Topological Semantics of Modal Logic

Time

Beijing Time: 15:50 ~ 18:15

Venue

on Tsinghua campus: 新水327

Zoom: 926 0051 8807

Course Description:

The course will discuss topological semantics of modal logic. In particular, we will study the basic completeness results for the interior semantics including the celebrated McKinsey and Tarski theorem. This theorem states that the modal logic S4 is sound and complete with respect to any metrizable dense-in-itself space. Topological completeness for other standard modal systems such as S4.2, S4.3 and S4.Grz, will also be covered in detail. We will also study topological semantics via the derived set operator and discuss the corresponding completeness results, notably of the provability logic GL with respect to scattered spaces.    

Topics to be covered (in temporal order)

– Overview of the relational semantics of modal logic,
– Topological semantics of modal logic,
– Topo-bisimulations,
– Topo-canonical models,
– Basic completeness results for topological semantics,
– McKinsey-Tarski theorem,
– Derived set operator semantics,
– Topological semantics of modal fixed-point logics (time permitting).

Preliminary Reading Material

Modal logic: Blackburn, de Rijke Venema, Modal Logic, Cambridge University Press, 2001.

We will need material from the first four chapters (until Section 4.4.). The concepts that we will need are: Kripke semantics, normal modal logics, soundness and completeness, finite modal prpoerty.

Topology:Engelking’s General topology. But any other topology book is equally good.

The concepts that we will need are: topological spaces, open and closed sets, interior and closure operators, derived set operator, continuous and open maps, separation axioms, compactness, metric spaces.

Main Reference

  • van Benthem J., Bezhanishvili G. (2007) Modal Logics of Space. In: Aiello M., Pratt-Hartmann I., Van Benthem J. (eds) Handbook of Spatial Logics. Springer, Dordrecht. https://doi.org/10.1007/978-1-4020-5587-4_5
  • Bezhanishvili G., Gehrke M. Completeness of S4 with respect to the real line: revisited. Annals of Pure and Applied Logic. Volume 131, Issues 1–3, January 2005, Pages 287-301. https://doi.org/10.1016/j.apal.2004.06.003
  • Bezhanishvili, G., Bezhanishvili, N., Lucero-Bryan, J. et al. A New Proof of the McKinsey–Tarski Theorem.

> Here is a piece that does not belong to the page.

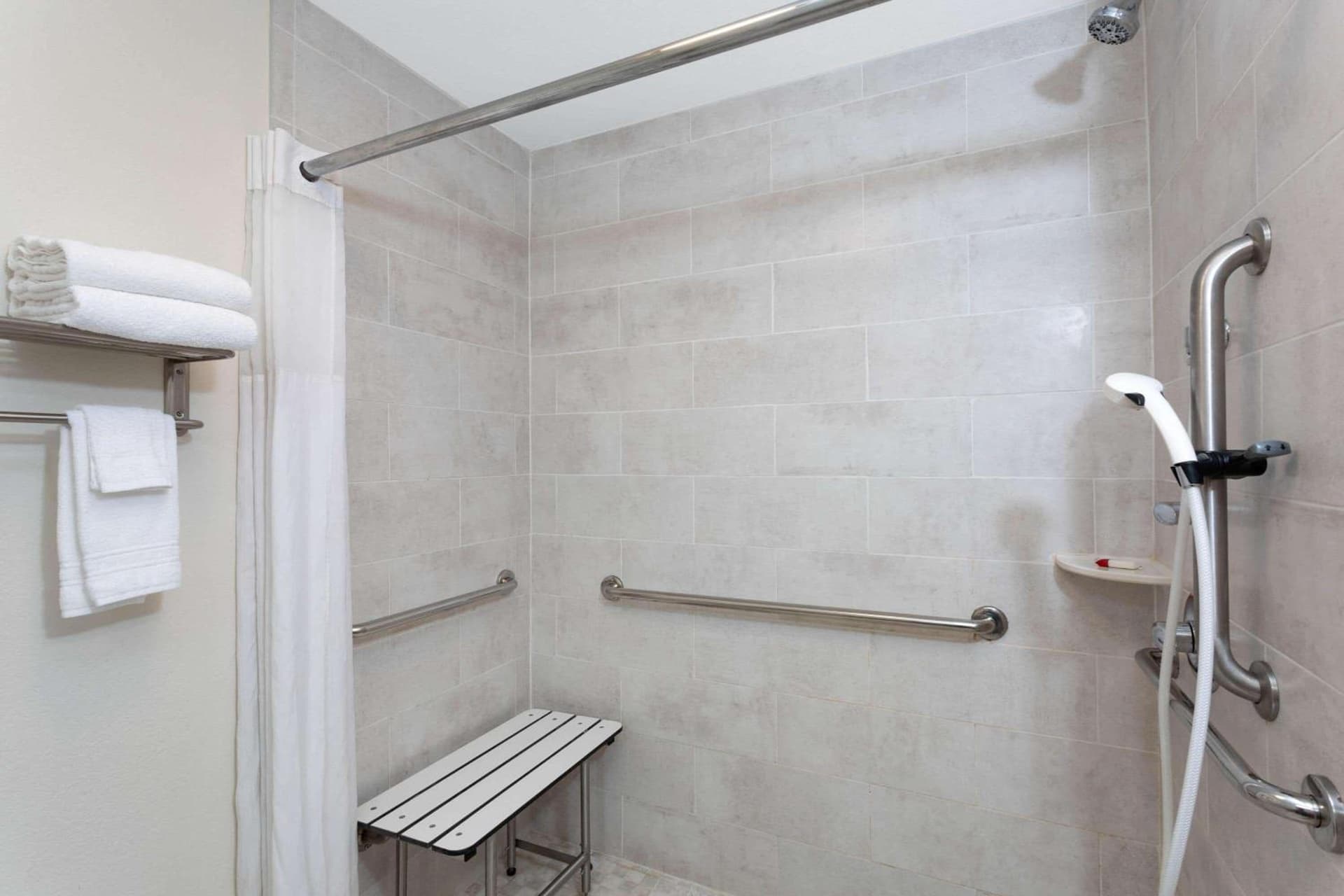 Ramada by Wyndham Panama City gallery photo in Panama City, FL — image 11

Stud Logica 106, 1291–1311 (2018). https://doi.org/10.1007/s11225-018-9789-5

Slides

Recordings:

Home assignments

There are three home assignments in total.

Lecturer:  

Nick Bezhanishvili is an Assistant Professor at the Institute for Logic, Language and Computation (ILLC) at the University of Amsterdam. He obtained his PhD from the ILLC in 2006. He has been a postdoctoral researcher at the University of Leicester, Imperial College London and Utrecht University. His area of expertise is the application of algebraic and topological methods in logic. In particular, his work is centered around algebraic logic, duality theory, non-classical logics and topological semantics of modal logic. Bezhanishvili co-authored more than 70 research papers in international journals, books and refereed conference proceedings.